= ASSIGNED TASK =
Reproduce every entry word for word. Drop all pictures from the copy.

== SUPPLIED INFORMATION ==

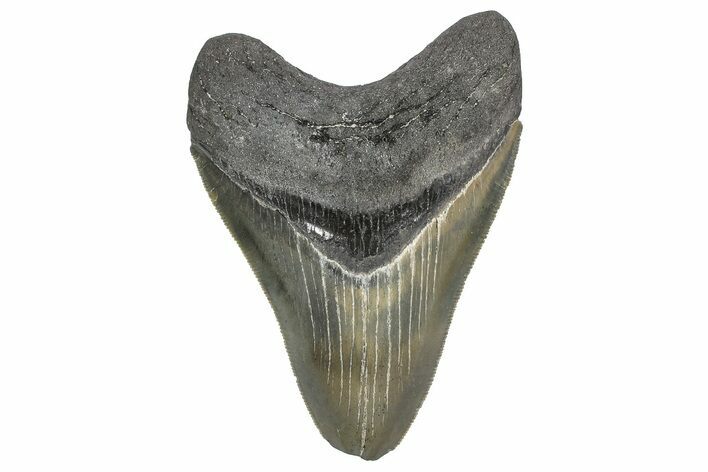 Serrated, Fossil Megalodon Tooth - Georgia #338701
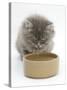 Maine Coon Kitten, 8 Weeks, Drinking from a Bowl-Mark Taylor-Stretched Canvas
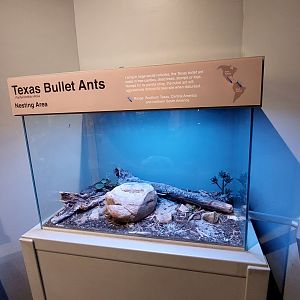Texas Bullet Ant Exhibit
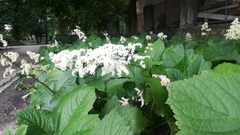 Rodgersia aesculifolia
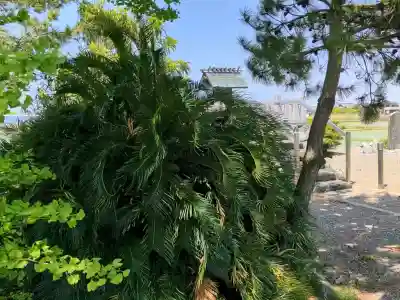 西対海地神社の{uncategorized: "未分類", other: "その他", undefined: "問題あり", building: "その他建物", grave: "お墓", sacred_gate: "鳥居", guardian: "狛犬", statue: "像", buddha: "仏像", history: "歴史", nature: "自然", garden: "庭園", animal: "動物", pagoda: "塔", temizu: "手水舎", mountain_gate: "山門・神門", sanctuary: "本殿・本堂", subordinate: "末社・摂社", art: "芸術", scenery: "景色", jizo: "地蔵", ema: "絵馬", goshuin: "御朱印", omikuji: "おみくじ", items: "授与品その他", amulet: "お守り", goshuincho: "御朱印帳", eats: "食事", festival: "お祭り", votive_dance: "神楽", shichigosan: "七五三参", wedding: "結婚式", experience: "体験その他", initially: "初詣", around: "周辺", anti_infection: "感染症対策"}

===

= ANSWER TO THIS TASK =
 Serrated, Fossil Megalodon Tooth - Georgia #338701
 Maine Coon Kitten, 8 Weeks, Drinking from a Bowl-Mark Taylor-Stretched Canvas
Texas Bullet Ant Exhibit
 Rodgersia aesculifolia
 西対海地神社の{uncategorized: "未分類", other: "その他", undefined: "問題あり", building: "その他建物", grave: "お墓", sacred_gate: "鳥居", guardian: "狛犬", statue: "像", buddha: "仏像", history: "歴史", nature: "自然", garden: "庭園", animal: "動物", pagoda: "塔", temizu: "手水舎", mountain_gate: "山門・神門", sanctuary: "本殿・本堂", subordinate: "末社・摂社", art: "芸術", scenery: "景色", jizo: "地蔵", ema: "絵馬", goshuin: "御朱印", omikuji: "おみくじ", items: "授与品その他", amulet: "お守り", goshuincho: "御朱印帳", eats: "食事", festival: "お祭り", votive_dance: "神楽", shichigosan: "七五三参", wedding: "結婚式", experience: "体験その他", initially: "初詣", around: "周辺", anti_infection: "感染症対策"}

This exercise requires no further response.